[Goal of the exercise]:
What you return should match the listing exactly, minus its images.

[Recorded information]:
========

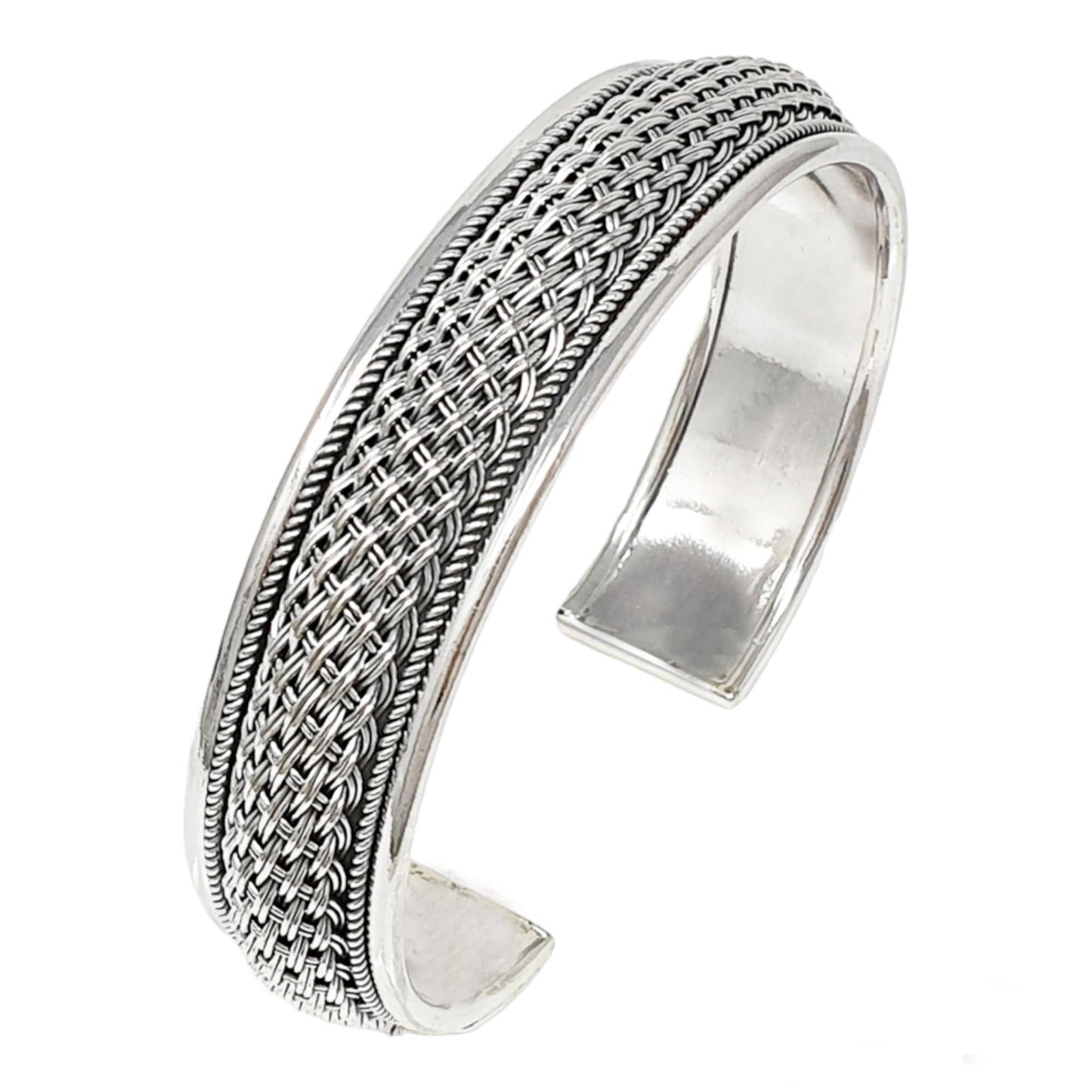 925 sterling silver braided design wide cuff bangle bracelet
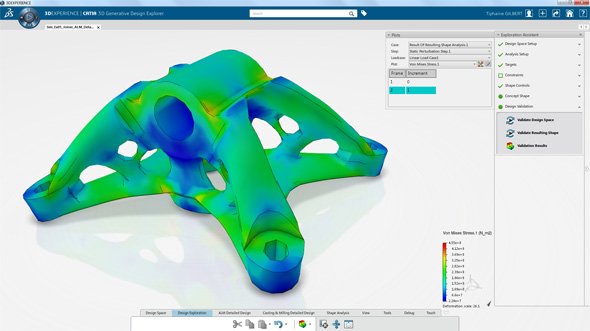 「3DEXPERIENCE CATIA R2017X」から「Function Driven Generative Designer（GDE）」というトポロジー最適化（位相最適化）機能が搭載された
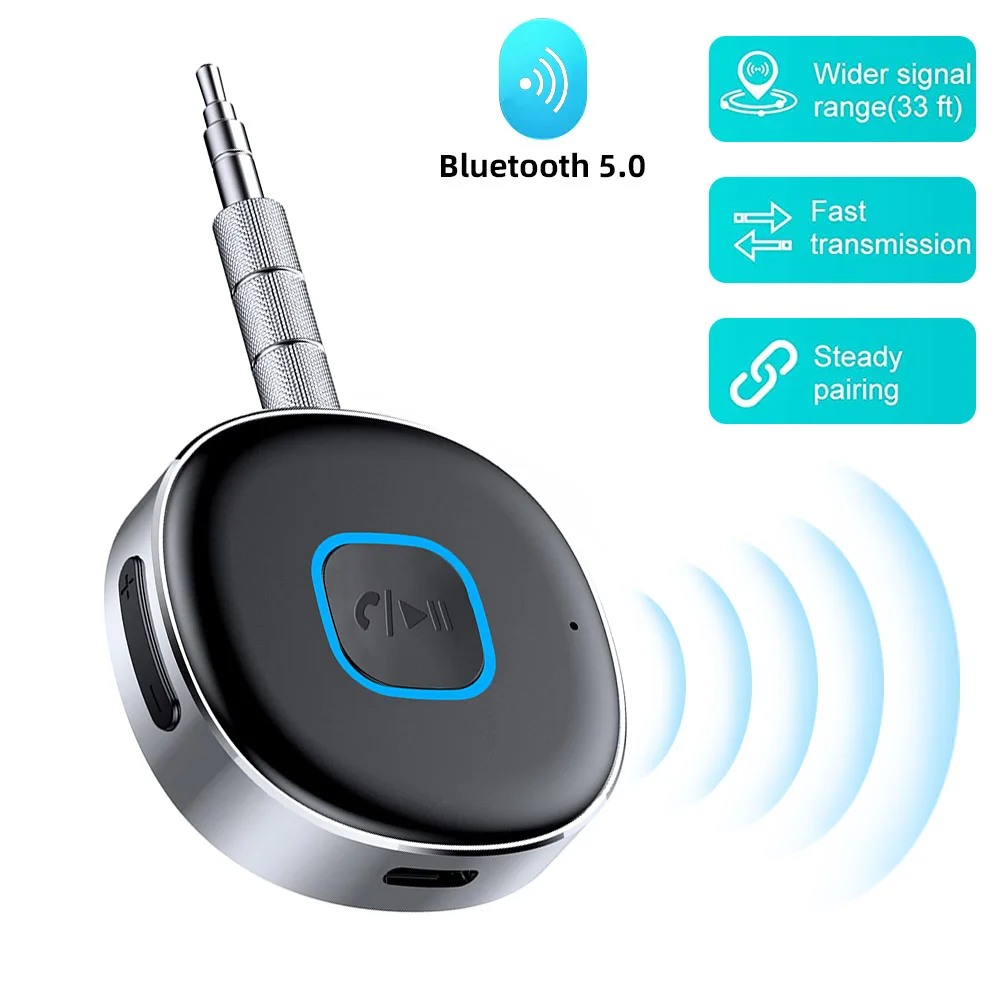 J33 Bluetooth Car Audio Receiver Converter Bluetooth AUX 5.0 Car Music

========

[Response box]:
 925 sterling silver braided design wide cuff bangle bracelet
 「3DEXPERIENCE CATIA R2017X」から「Function Driven Generative Designer（GDE）」というトポロジー最適化（位相最適化）機能が搭載された
 J33 Bluetooth Car Audio Receiver Converter Bluetooth AUX 5.0 Car Music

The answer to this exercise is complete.